7. On the Scale Group Size section, you will be able to set the scaling policy for the group. But this is only for simple scaling so you have to click the “Scale the Auto Scaling group using step or simple scaling policies” link to show more advanced options for step scaling. You should see the Increase Group Size and Decrease Group Size section after clicking it.
8. Now, we can set the step scaling policy for scaling out.
a. Set a name for your “Increase Group Size” policy. Click “Add a new alarm” to add a CloudWatch rule on when to execute the policy.
b. On the Create Alarm box, you can set an SNS notification. (We won’t add it for this example).
c. Create a rule for whenever the Average CPU Utilization is greater than or equal to 60 percent for at least 1 consecutive period of 5 minutes. Set a name for your alarm. Click Create Alarm.
d. For the “Take the action” setting, we’ll Add 10 percent of the group when CPU Utilization is greater than or equal to 60 and less than 70 percent.
e. Click “Add Step” to add another action, we’ll Add 30 percent of the group when CPU Utilization is greater than or equal to 70 percent.
f. Set 1 for “Add instances in increments of at least”. This will ensure that at least 1 instance is added when the threshold is reached.
g. Set instances need 300 seconds to warm up after each step.
Instance warmup – this specifies the timeout before the instance’s own metric can be added to the group.
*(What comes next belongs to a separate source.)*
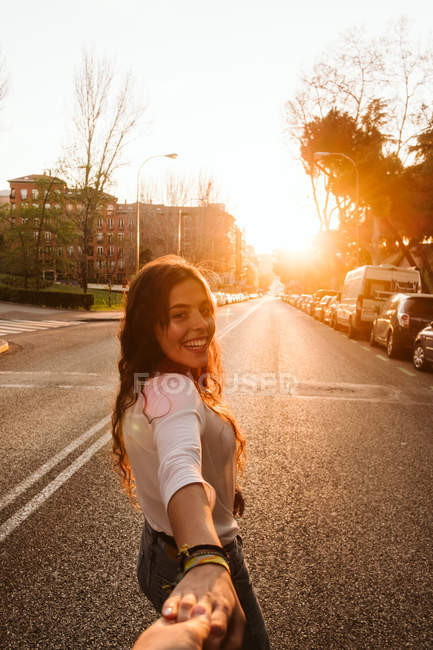 Pretty young lady in casual outfit smiling and looking at camera while holding hand of unrecognizable person on town street at sunset — Stock Photo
Until the warmup time expires, the instance metric (CPU utilization in this case) is not counted toward the aggregated metric of the whole Auto Scaling group.
While scaling in, instances that are terminating are considered as part of the current capacity of the group. Therefore, it won’t remove more instances from the Auto Scaling group than necessary.
9. Next, we can set the step scaling policy for the scaling in.
a. Set a name for your “Decrease Group Size” policy. Click “Add a new alarm” to add a CloudWatch rule on when to execute the policy.
b. On the Create Alarm box, you can set an SNS notification. (We won’t add it for this example).
c. Create a rule for whenever the Average CPU Utilization is less than or equal to 40 percent for at least 1 consecutive period of 5 minutes. Set a name for your alarm. Click Create Alarm.
d. For the “Take the action” setting, we’ll remove 10 percent of the group when CPU Utilization is less than or equal to 40 and greater than 30.
e. Click “Add Step” to add another action, we’ll remove 30 percent of the group when CPU Utilization is less than or equal to 30 percent.
f. Set 1 for “Remove instances in increments of at least”. This will ensure that at least 1 instance is removed when the threshold is reached.
10. Click Next: Configure Notifications to proceed. On this part, you can click “Add notification” so that you can receive an email whenever a specific event occurs. Here’s an example:
11.Click Next: Configure Tags. Create tags for instances in your Auto Scaling group.
12. Click Review to get to the review page.
13. After reviewing the details, click Create Auto Scaling group.
Your Auto Scaling group with step scaling policies should now be created. Remember, the initial desired size is 10, with a minimum of 5 and a maximum of 15.
The scale-out rule will have a step scaling policy, a 10% increase if CPU utilization is 60 – 70%, and will add 30% more instance if utilization is more than 70%.
The scale-in rule will have a step scaling policy, a 10% decrease if CPU utilization is 30 – 40%, and will remove 30% more instances if the utilization is less than 30%.